Un 2e ligne. Quand j’étais jeune, j’étais polyvalent. J’aimais bien le poste de numéro huit, mais aujourd’hui, je me focalise sur le poste de 2e ligne. C’est là où j’ai le plus de repères.

A votre âge, une Coupe du monde en France, ça ne se loupe pas ?

Non. Franchement, non. Surtout quand mon nom est dit par le sélectionneur, ça donne vraiment envie de travailler tous les jours. Le matin, je me lève et je pense à cette Coupe du monde. Je sais que j’en suis loin, je suis conscient de ça. Mais je suis conscient de mon potentiel aussi et je veux arriver en 2023 en me disant que j’aurai tout fait, que j’aurai beaucoup travaillé. Et que si je ne fais pas partie de cette liste qui fera la Coupe du monde, c’est comme ça. On verra pour celle de 2027. Mais je ne veux pas avoir de regrets.

Une Coupe du monde en France, c’est unique dans une carrière…
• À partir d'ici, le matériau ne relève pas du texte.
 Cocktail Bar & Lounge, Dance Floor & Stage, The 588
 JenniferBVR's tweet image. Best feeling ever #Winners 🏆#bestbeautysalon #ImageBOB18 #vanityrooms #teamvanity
Une Coupe du monde en général, c’est quelque chose qu’il faut vivre. Maintenant, en France, c’est encore plus beau. C’est le rêve quoi… Puis le match d’ouverture face à la Nouvelle-Zélande, c’est un petit rêve d’enfant. Quand j’étais petit, je me rappelle regarder les matchs de l’équipe de France à la télé. Les France-Nouvelle-Zélande, ça m’a toujours fait rêver. Me voir en face du haka, c’est ce qui m’anime dans les moments un peu plus difficiles. Parce que forcément, il y a des jours où c’est un peu plus difficile que d’autres.